We can successfully talk to ourselves as did the prodical son in Lk. 15. He was anxious to leave home with his substance, but went into a far country and wasted it in riotous living. Then he reached the bottom. In want, he joined himself to a citizen of the country who sent him into his fields to feed swine. He would have satisfied his hunger with the husks which swine ate (the pods of the carob tree, Gr.), but he came to himself. And, not only did he come to himself, but he talked to himself and it was very profitable. “How many hired servants of my father’s have bread and to spare, and I perish here with hunger! I will arise and go to my father, and I will say unto his Father I have sinned against heaven, and in thy sight: I am no more worthy to be called thy son: make me as one of thy hired servants” (Lk. 15:17-19). What a talking job that was, but it worked. The young man returned to his father and the compassionate reception of the son by the father you well know. The penitent boy blamed no one but himself; it was he who had made the mess and there was only one thing to do go back to his father and made things right. Would that all of us would have the same kind of determination and make the same kind of resolution to ourselves when we sin. As expressed in the words of the exhortation song which we often sing, each one needs to say to himself: “I am resolved no longer to linger, charmed by the world’s delight; Things that are higher, things that are nobler, These have allured my sight. I will hasten to Him – Hasten so glad and free, Jesus, greatest, highest, I will come to thee.”

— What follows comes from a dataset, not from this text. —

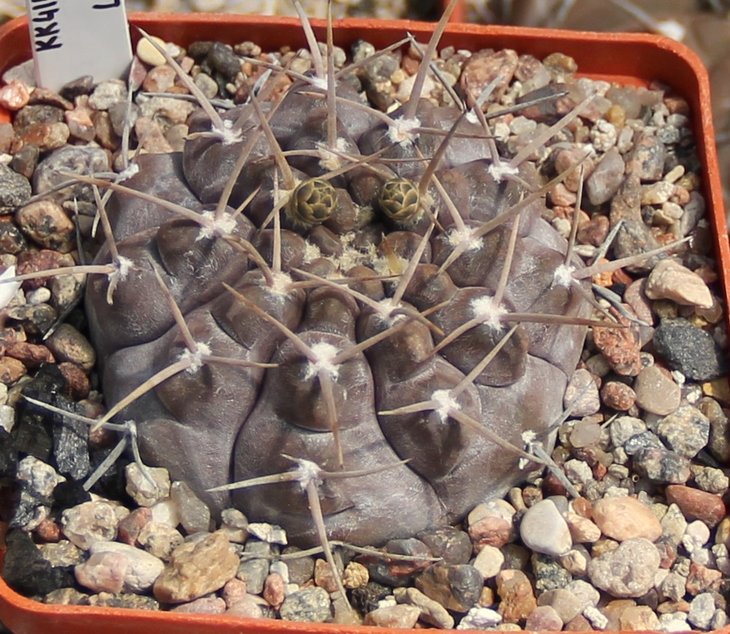 Gymnocalucium striglianum aeneum  VG408 La Galera S.L.   kk414.9521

We often need to give ourselves a “pep” talk. When facing difficulty, I need to say to myself, “With the help of God I can overcome it;” when facing my responsibility I must say to myself, “With the help of God I can meet it;” when faced with a command of duty I must say, “I will do it.” Whatever the task may be, I must say to myself, “With the help of God I can perform it.”
As I pen these closing lines I am saying to myself, “I hope and pray that this article will serve as an instrument of good and that it will give all of us more assurance and determination to always do what is right.”